Nell’antichità quel monte non aveva una zolla di terra fertile, neppure una goccia di sorgente che lo bagnasse. C’erano soltanto pietre su pietre e rupi scoscese e spaccature profonde nelle rocce dove, se il vento portava qualche foglia dalle foreste lontane oppure qualche seme dai prati, un altro vento li spazzava lontano.
Gli animali fuggivano da quel deserto ossuto giacché non vi era nemmeno un ciuffo d’erba per pascolare, neppure un fiore per gli insetti, le api e le farfalle e le cocciniglie, tanto meno un solo ramo di albero su cui gli uccelli potessero posarsi tra un volo e l'altro.
Era veramente una desolazione fra il cielo e la bassa pianura. L’uomo che vi si fosse avventurato nelle ore calde della giornata avrebbe avuto gli occhi abbacinati e i piedi bruciati, anche se fossero stati protetti da un sandalo.

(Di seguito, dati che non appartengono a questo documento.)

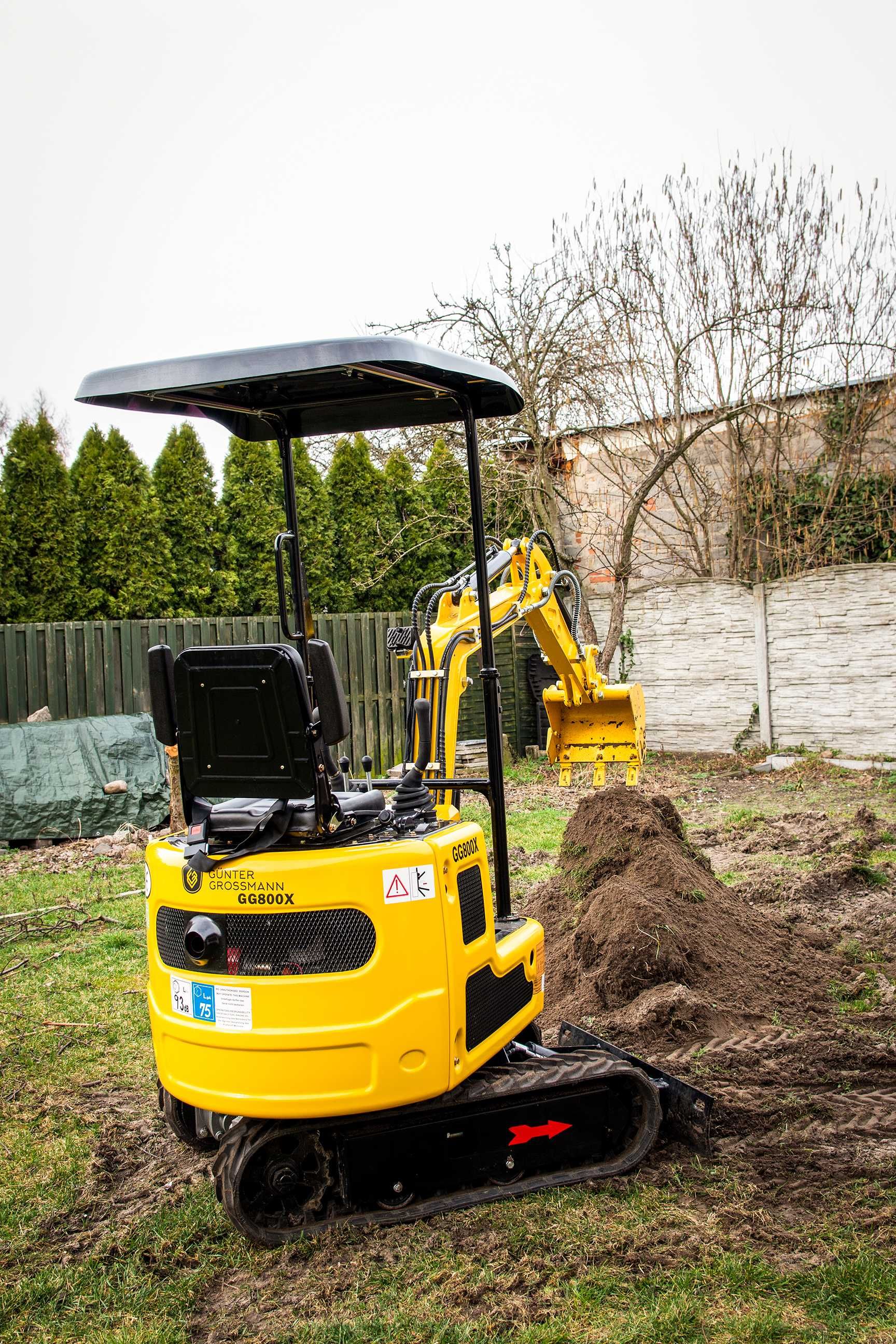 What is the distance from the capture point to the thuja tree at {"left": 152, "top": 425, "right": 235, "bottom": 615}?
11.8m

Un giorno si avventò sulla Montagna turchina un formidabile ciclone che giungeva dagli altipiani dell’Abissinia ed era impetuosamente diretto fino alla costa. La Montagna fu avvolta dal suo turbine.

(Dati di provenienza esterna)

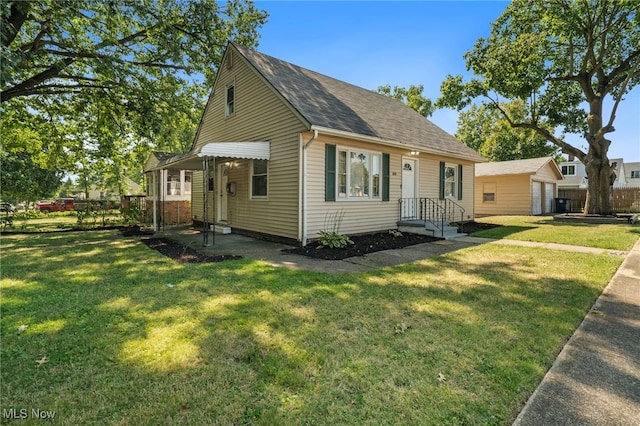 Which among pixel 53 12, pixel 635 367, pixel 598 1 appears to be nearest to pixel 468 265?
pixel 635 367

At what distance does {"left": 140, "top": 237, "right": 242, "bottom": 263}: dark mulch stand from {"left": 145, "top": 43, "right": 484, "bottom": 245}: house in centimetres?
107

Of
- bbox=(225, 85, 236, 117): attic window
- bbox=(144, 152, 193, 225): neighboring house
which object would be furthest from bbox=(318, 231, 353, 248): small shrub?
bbox=(144, 152, 193, 225): neighboring house

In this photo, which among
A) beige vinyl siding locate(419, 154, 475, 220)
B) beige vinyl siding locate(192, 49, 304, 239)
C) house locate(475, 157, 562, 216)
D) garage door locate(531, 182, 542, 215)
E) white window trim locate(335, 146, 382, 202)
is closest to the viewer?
beige vinyl siding locate(192, 49, 304, 239)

L’uragano, che per tutta la zona fu causa di sterminio e di distruzione, fu invece per la solitaria, desertica località, una sorgente di vita feconda destinata a trasformarla.
L’immane tromba d’aria che con il vortice delle sue colonne aveva sradicato nella pianura molti alberi, travolto un mare di messi e falciato tanti prati, portò invece sulle sue ali un nugolo di semi di piante grasse che insieme a pulviscoli di terra si deposero nei crepacci, nelle spaccature, nei ripostigli più nascosti e inaccessibili del monte.